Dark Justice


Non-Fiction - True Crime
214 Pages
Reviewed on 10/18/2015
Buy on Amazon

This author participates in the Readers' Favorite Free Book Program, which is open to all readers and is completely free. The author will provide you with a free copy of their book in exchange for an honest review. You and the author will discuss what sites you will post your review to and what kind of copy of the book you would like to receive (eBook, PDF, Word, paperback, etc.). To begin, click the purple email icon to send this author a private email.
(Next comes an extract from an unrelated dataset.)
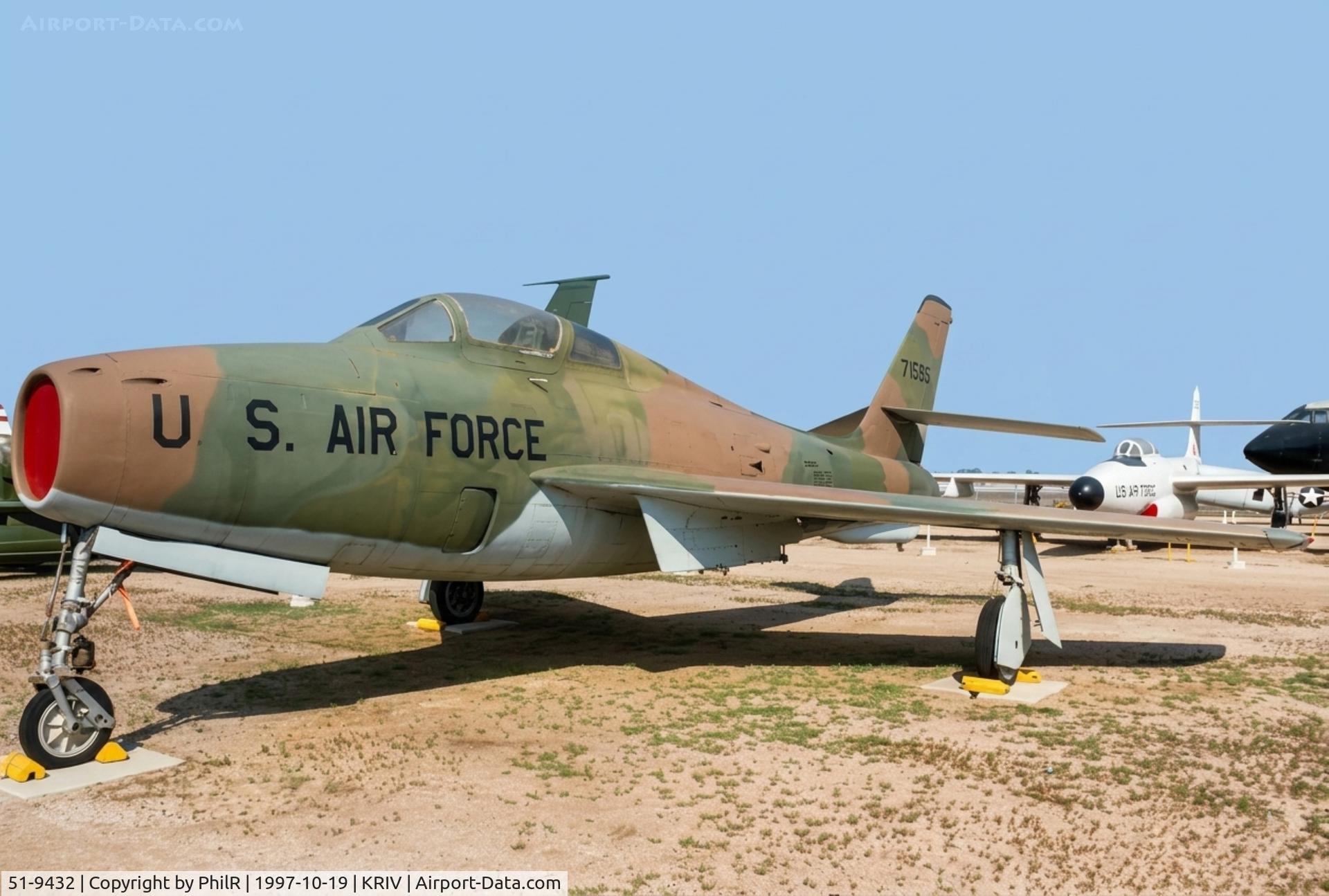 51-9432, 1951 General Motors F-84F Thunderstreak C/N Not found 51-9432, 71595 (51-9432) 1954 Republic F-84F Thunderstreak USAF March AFB Museum 
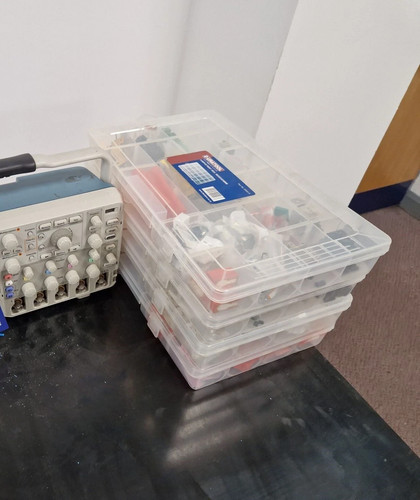 Tektronix dpo2014 digital - tektronix,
This author participates in the Readers' Favorite Book Donation Program, which was created to help nonprofit and charitable organizations (schools, libraries, convalescent homes, soldier donation programs, etc.) by providing them with free books and to help authors garner more exposure for their work. This author is willing to donate free copies of their book in exchange for reviews (if circumstances allow) and the knowledge that their book is being read and enjoyed. To begin, click the purple email icon to send this author a private email. Be sure to tell the author who you are, what organization you are with, how many books you need, how they will be used, and the number of reviews, if any, you would be able to provide.

Author Biography

Pamela O'Hara, writing under the pen name Dianne Cooper, spent more than two decades incarcerated in prisons across the country for a non-violent crime, all while proclaiming her innocence. Pamela is an advocate for imprisoned fathers and works to help them reestablish relationships with their children. She is a motivational speaker and encourages others to make sure that one's past does not define one's future.

    Book Review

Reviewed by Jack Magnus for Readers' Favorite

Dark Justice is a true crime memoir written by Dianne Cooper. The author’s childhood was abruptly ended when she became pregnant at the age of fifteen. Her father rushed over to Joseph’s house to confront his minister father and demand that Joseph marry his daughter. The two came to blows, and Cooper’s father subsequently chased her through the house with a broom after she stood up to him and refused to marry Joseph. Cooper did, eventually, marry the father of her, by then, three children, thinking to provide them with a stable family life, but the early instincts that led Cooper to defy her father were proven unerringly accurate as their married life proceeded. Joseph became addicted to crack cocaine and, after he injured his back at work, did little to help raise their children or support the household. After years of being the sole breadwinner, Cooper had had enough and filed for divorce. When a handsome man courted her, and friends marveled that she had caught the eye of the biggest drug dealer in town, she yielded to the temptation of having another person care about her and help her with her financial obligations. What’s more, the two of them had formed a bond of friendship and trust she had not experienced outside of her immediate family. But while Cooper remained a caring and devoted parent who never gave in to the temptations of hard drugs or the easy money of dealing, complications arising out of that friendship she shared with Diamond and a corrupt legal system were poised to fall upon the young mother in the harshest way possible.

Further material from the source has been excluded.